* Task to carry out
Starting at the line that contains "RV Retailer, LLC", write out each line through the end of the data below, exactly as it stands. Skip any pictures.

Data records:

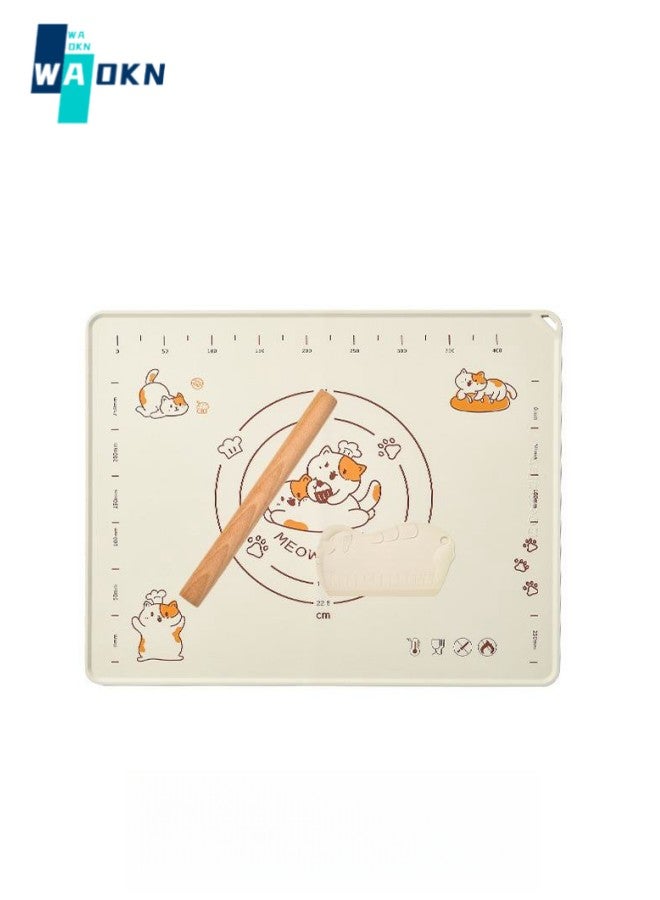 WAOKN 3-piece Silicone Baking Mat and Pastry Tool Set, Extra Thick Non-stick Non-slip Silicone Pastry Mat for Baking, with 1 Piece Wooden Rolling Pin and 1 Piece Spatula  - Image 1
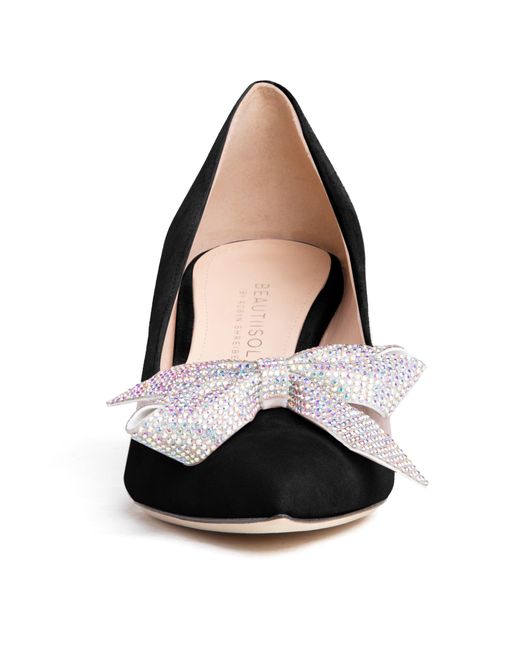 Beautiisoles by Robyn Shreiber Made in Italy Black Frida Comfortable Valentine Evening Pump With Kitten Heel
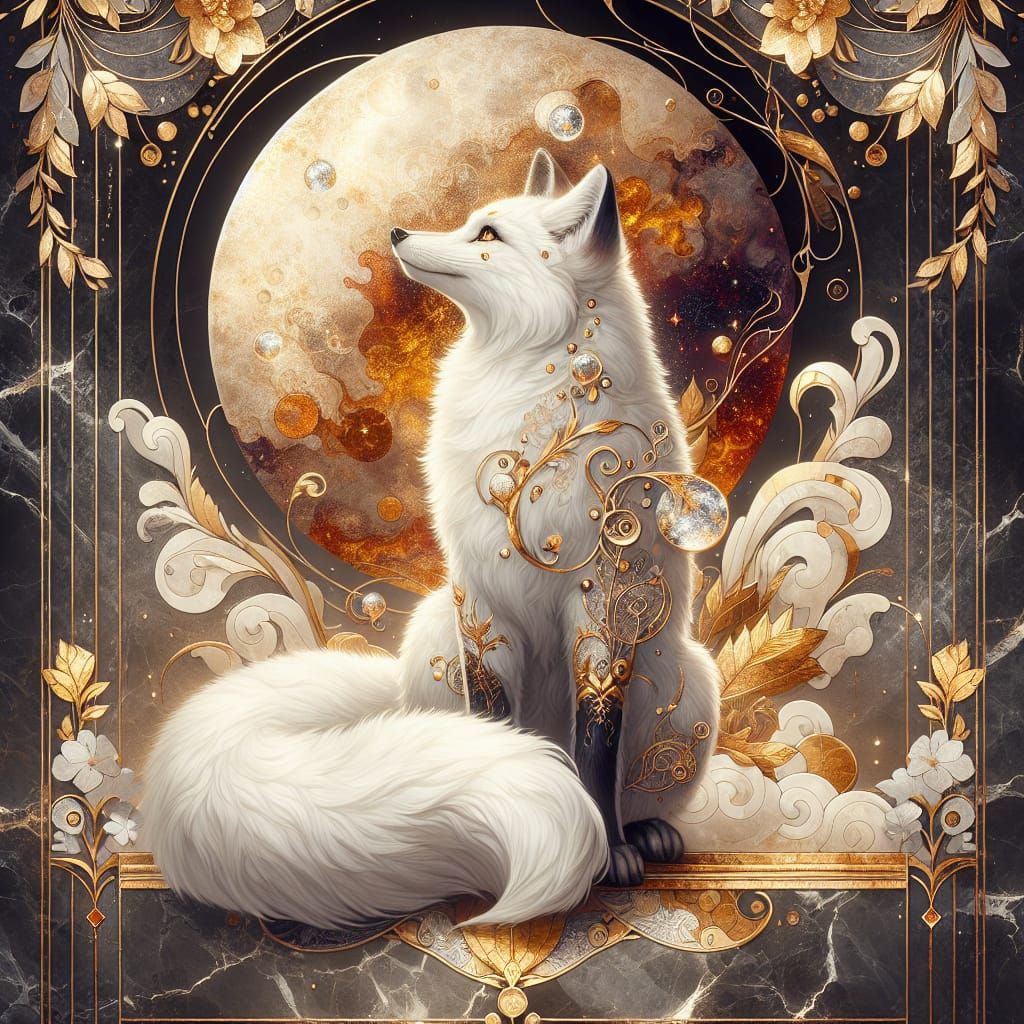 Majestic White Fox with Golden Kintsugi in Art Deco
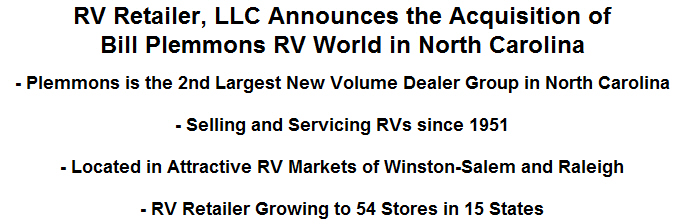 RV Retailer, LLC Announces the Acquisition of Bill Plemmons RV World in North Carolina
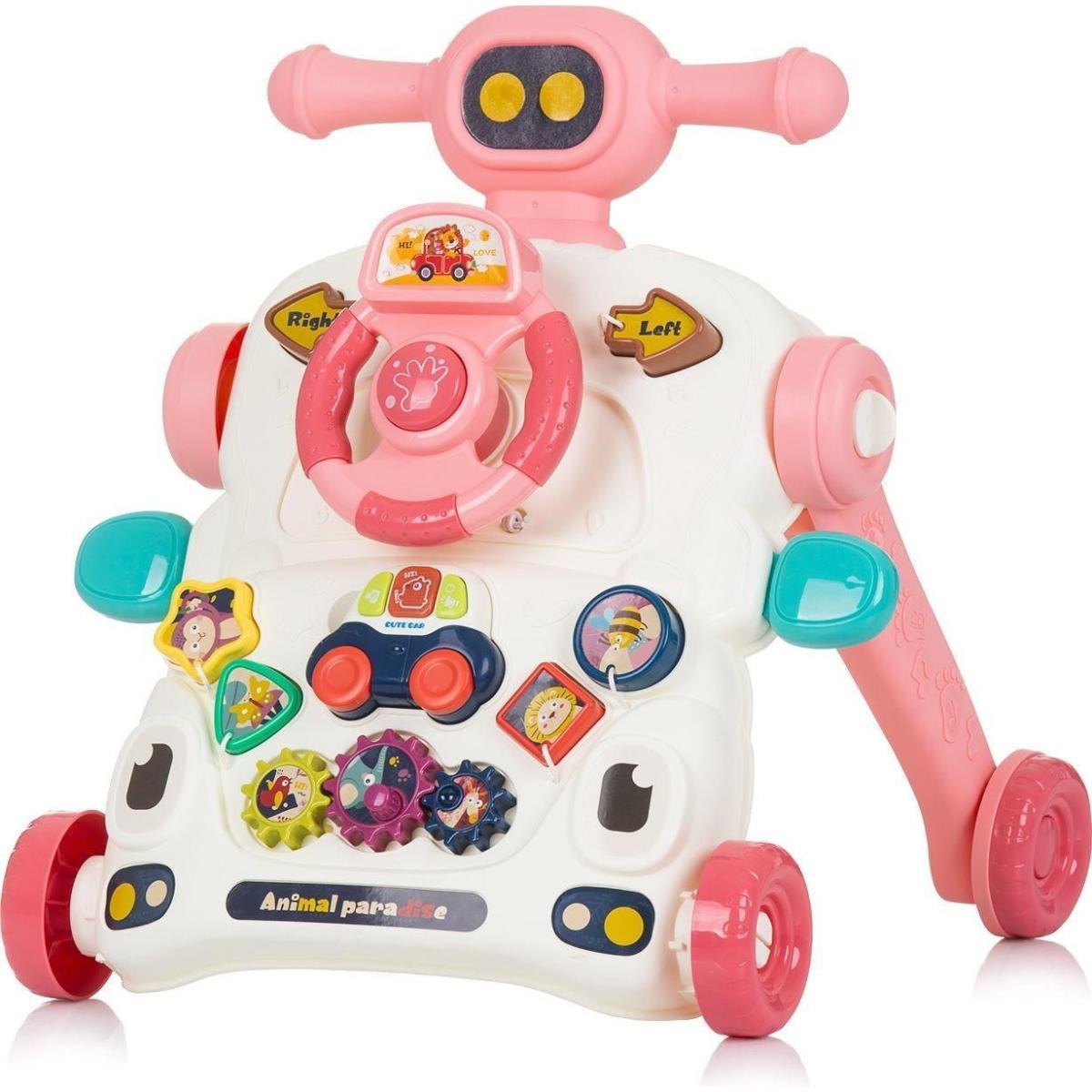 Chipolino Guralica za djevojčice za prohodavanje Car Mikcar0243Pi, Roze-bijela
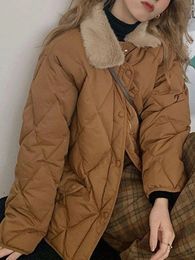 Parkas pour femmes Argyle vers le bas manteaux femmes mode coréenne décontracté vestes lâches femme automne hiver surdimensionné chaud épaissir simple boutonnage Parkas 231219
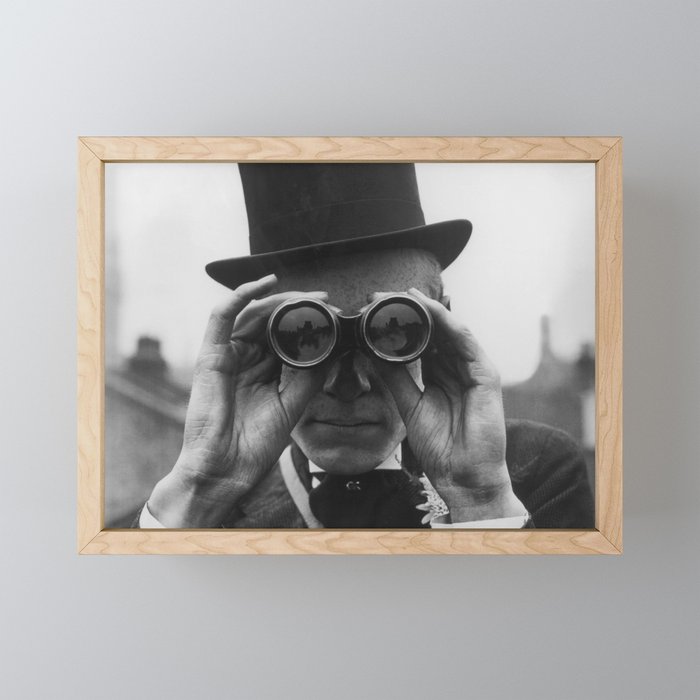 Derby Spectator watching ponies with opera glasses black and white photograph - photography - photographs Mini Art Print Gallery Image 1
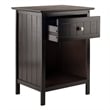 Pemberly Row Transitional Solid Wood Storage End Table with Drawer in Coffee
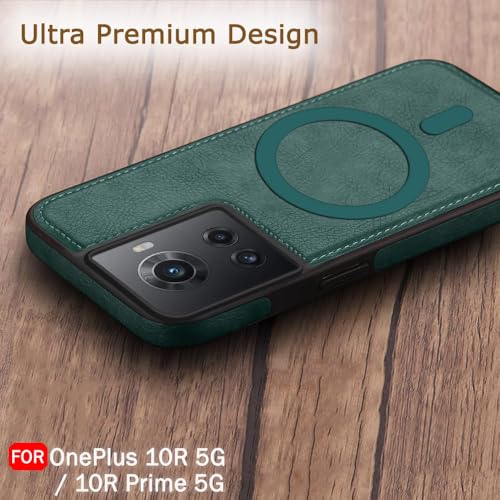 Image of TheGiftKart Genuine Leather Finish Back Cover Case for OnePlus 10R 5G / 10R Prime 5G | Raised Edges for Camera & Screen Protection | Shockproof Stunning Minimalist Design (MagSafe Compatible, Green)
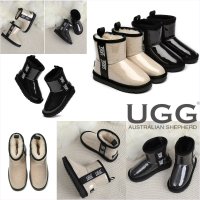 UGG 에버어그 키즈/우먼 23FW 클래식 클리어 미니 양털 방한방수 어그부츠 크림/블랙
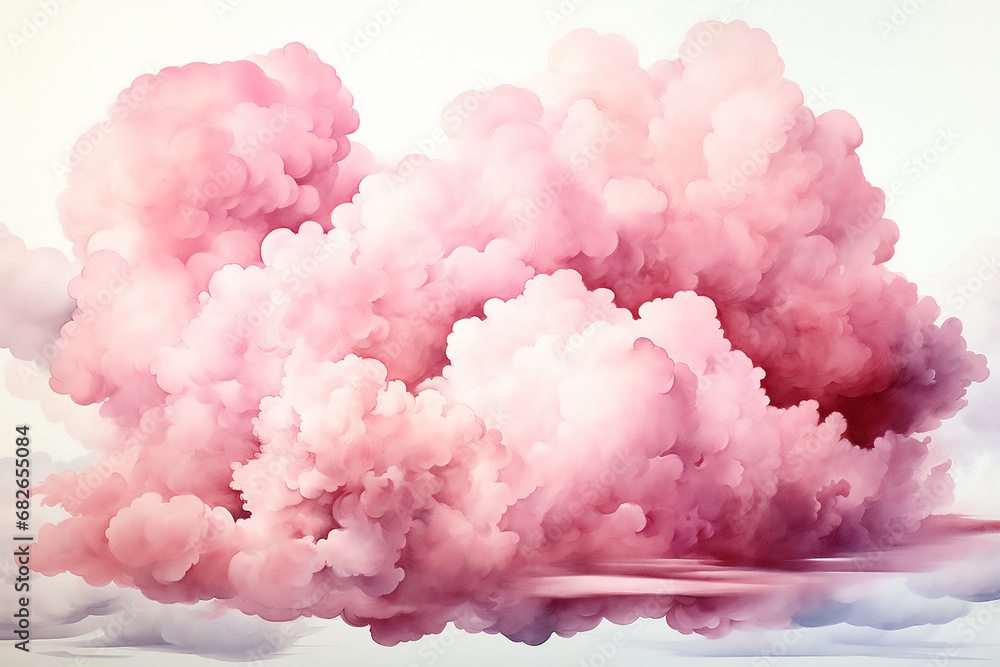 Watercolor illustration of a cloud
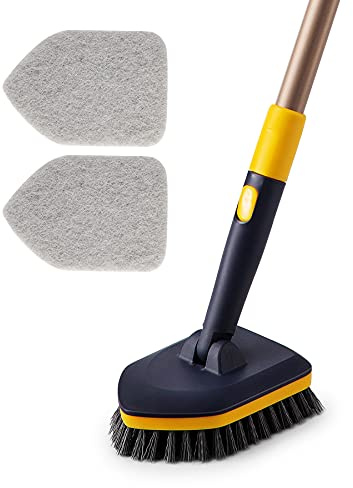 Yocada Tub Tile Scrubber Brush 2 in 1 Cleaning Brush 58.2 Inch Adjustable Telescopic Pole Stiff Bristles Scouring Pads for Cleaning Bathroom Kitchen Toilet Wall Tub Tile Sink Non Scratch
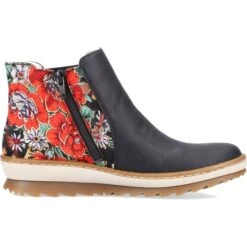 Rieker Womens Zip Up Wedge Chelsea Ankle Boots - Schwarz Multi Schwarz -Fashion Shoe Store Rieker Z8689 00 Black 8 13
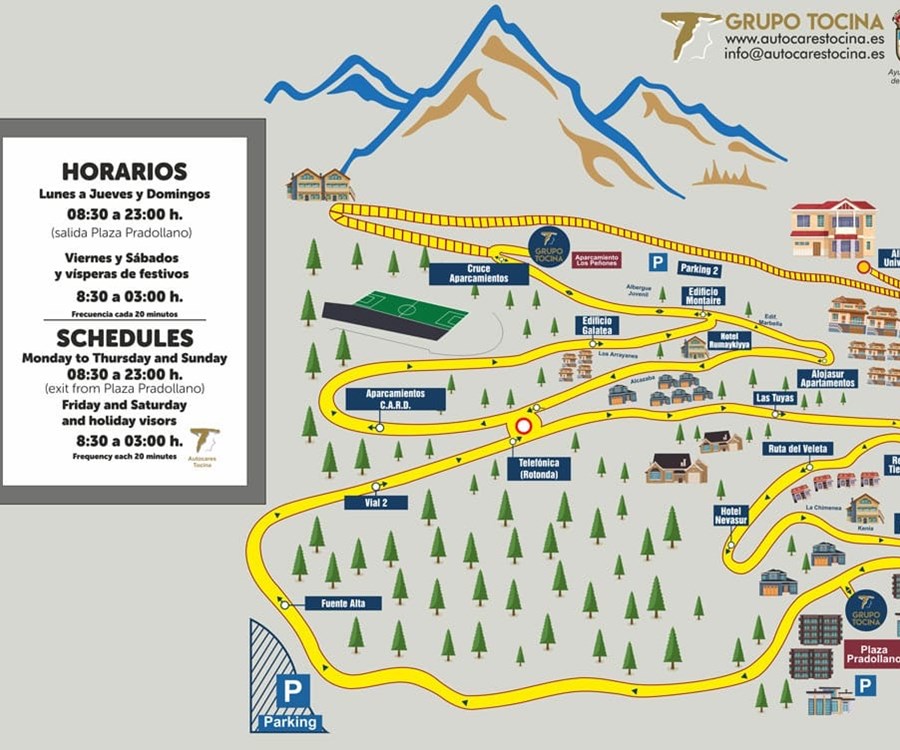 Plano paradas Bus Urbano Sierra Nevada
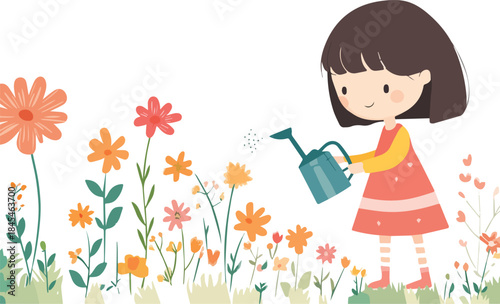 Cute little girl watering colorful spring flowers in a garden illustration for children's room decor or springtime activity promotion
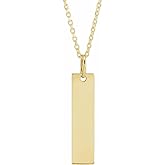 Sonia Jewels Engravable Bar Chain Necklace or Charm Pendant (20mm x 5mm)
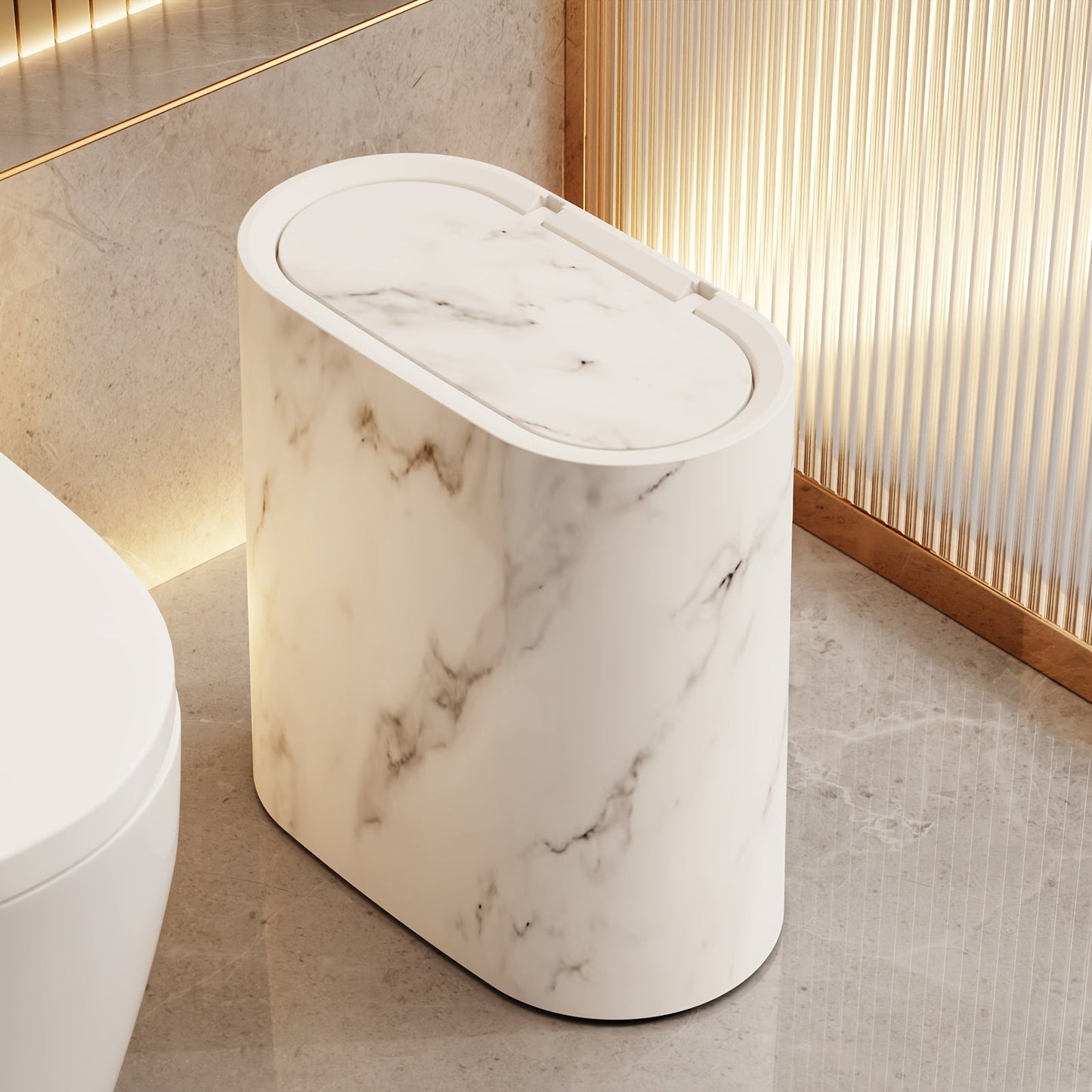 Marble Pattern Trash Can Modern Bathroom &
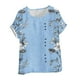 thumbnail image 4 of Vestidos Casuales Para Mujer, Blusas De Mujer De Moda Blusa de lino informal con botones y manga corta estampada para mujer, 4 of 4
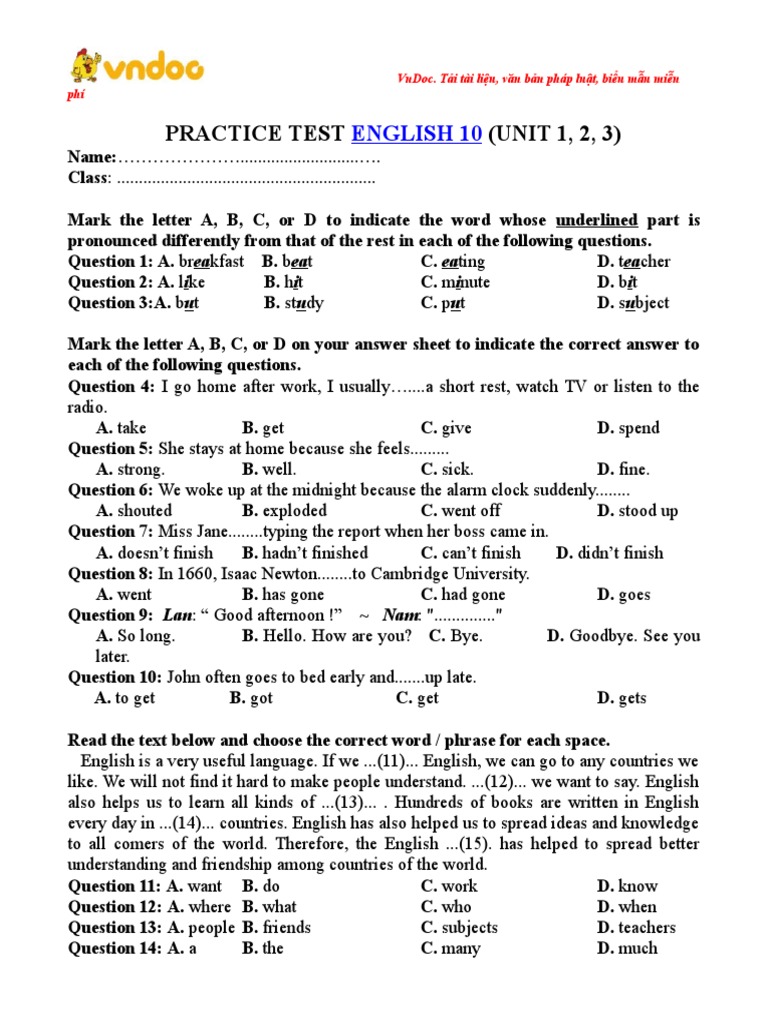 Bai Tap Tieng Anh Lop 10 Thi Diem Unit 1 2 3 | PDF | Family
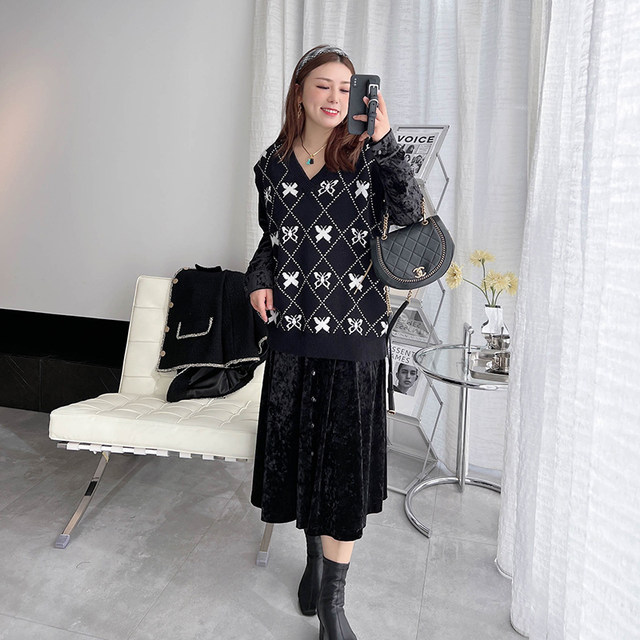 Vogana Cannes Family Large -size Original French Vocal Vull velvet Mid -long skirt temperament, waist high waist A -line dress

* Exercise result
 RV Retailer, LLC Announces the Acquisition of Bill Plemmons RV World in North Carolina
 Chipolino Guralica za djevojčice za prohodavanje Car Mikcar0243Pi, Roze-bijela
 Parkas pour femmes Argyle vers le bas manteaux femmes mode coréenne décontracté vestes lâches femme automne hiver surdimensionné chaud épaissir simple boutonnage Parkas 231219
 Derby Spectator watching ponies with opera glasses black and white photograph - photography - photographs Mini Art Print Gallery Image 1
 Pemberly Row Transitional Solid Wood Storage End Table with Drawer in Coffee
 Image of TheGiftKart Genuine Leather Finish Back Cover Case for OnePlus 10R 5G / 10R Prime 5G | Raised Edges for Camera & Screen Protection | Shockproof Stunning Minimalist Design (MagSafe Compatible, Green)
 UGG 에버어그 키즈/우먼 23FW 클래식 클리어 미니 양털 방한방수 어그부츠 크림/블랙
 Watercolor illustration of a cloud
 Yocada Tub Tile Scrubber Brush 2 in 1 Cleaning Brush 58.2 Inch Adjustable Telescopic Pole Stiff Bristles Scouring Pads for Cleaning Bathroom Kitchen Toilet Wall Tub Tile Sink Non Scratch
 Rieker Womens Zip Up Wedge Chelsea Ankle Boots - Schwarz Multi Schwarz -Fashion Shoe Store Rieker Z8689 00 Black 8 13
 Plano paradas Bus Urbano Sierra Nevada
 Cute little girl watering colorful spring flowers in a garden illustration for children's room decor or springtime activity promotion
 Sonia Jewels Engravable Bar Chain Necklace or Charm Pendant (20mm x 5mm)
 Marble Pattern Trash Can Modern Bathroom &
 thumbnail image 4 of Vestidos Casuales Para Mujer, Blusas De Mujer De Moda Blusa de lino informal con botones y manga corta estampada para mujer, 4 of 4
 Bai Tap Tieng Anh Lop 10 Thi Diem Unit 1 2 3 | PDF | Family
 Vogana Cannes Family Large -size Original French Vocal Vull velvet Mid -long skirt temperament, waist high waist A -line dress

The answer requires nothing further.